Background: Adolescents with secondary hyperaldosteronism often present with severe and treatment-resistant hypertension, along with hypokalemia. Renovascular hypertension is frequently caused by renal artery stenosis, primarily due to atherosclerosis and fibromuscular dysplasia (FMD). The presence of an accessory renal artery (ARA) is a common anatomical variation that can contribute to secondary renal vascular hypertension. However, FMD occurring in the ARA is a rare cause of renal vascular hypertension. Juxtaglomerular cell tumor (JGCT) represents a rare etiology of renal hypertension. The co-occurrence of the pathogenic ARA with JGCT is infrequently reported in the existing literature.
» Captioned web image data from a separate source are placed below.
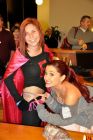 ariana_grande_possible_nip_slip_at_meet_and_greet_at_hersheypark_december_31_2011_YUT5VJO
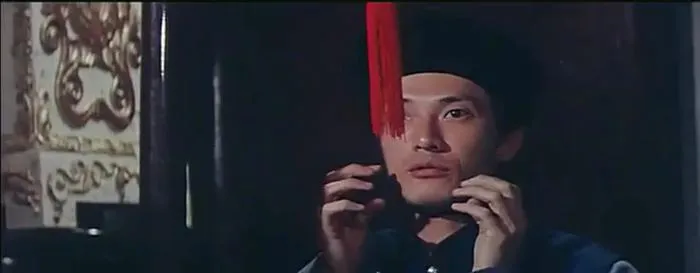 [1975][香港]《大千世界》[DVDRip][国语中字][MKV_651M]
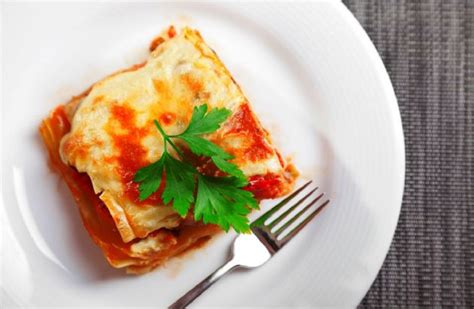 low-fat-low-sodium-lasagna-recipe-sparkrecipes image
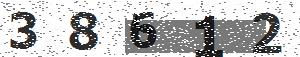 تصویر امنیتی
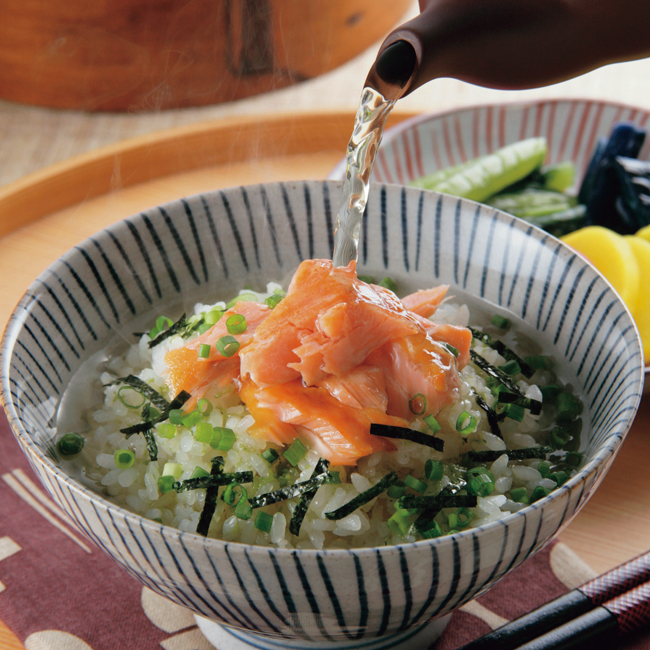 アマノ フリーズドライみそ汁&食卓詰合せ No.50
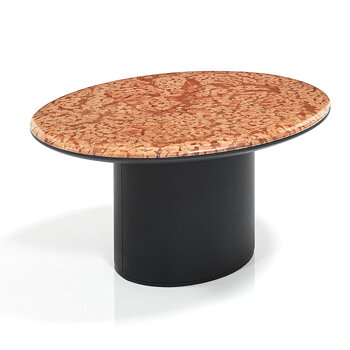ANTILLES OCCASIONAL TABLE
Case presentations: This case study presents a young individual with a 12-year history of resistant hypertension, initially diagnosed with pathogenic ARA but later confirmed as JGCT 4 years later. Following surgery for JGCT, the patient experienced only temporary stabilization of blood pressure without anti-hypertensive medication. Stenosis of the ARA was definitively diagnosed one and a half years post-surgery, with FMD occurring on the ARA strongly suspected. The patient underwent balloon dilatation angioplasty 3 years later, leading to sustained blood pressure stability with the use of two medications.
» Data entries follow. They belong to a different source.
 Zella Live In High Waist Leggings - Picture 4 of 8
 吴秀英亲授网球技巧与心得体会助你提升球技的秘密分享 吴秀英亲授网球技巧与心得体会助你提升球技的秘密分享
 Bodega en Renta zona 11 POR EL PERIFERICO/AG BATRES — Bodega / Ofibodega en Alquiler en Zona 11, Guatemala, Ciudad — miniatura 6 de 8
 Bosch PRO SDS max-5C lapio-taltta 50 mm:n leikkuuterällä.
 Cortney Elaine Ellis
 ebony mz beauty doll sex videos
Conclusions: The case study discussed herein involves a patient with resistant hypertension initially diagnosed with ARA but later determined to have late-onset JGCT and renal artery stenosis. It is imperative to consider atypical JGCT in young patients exhibiting resistant hypertension, hypokalemia, and hyperreninemia. Adequate management of renal artery stenosis is crucial in the management of hyperreninemic hypertension.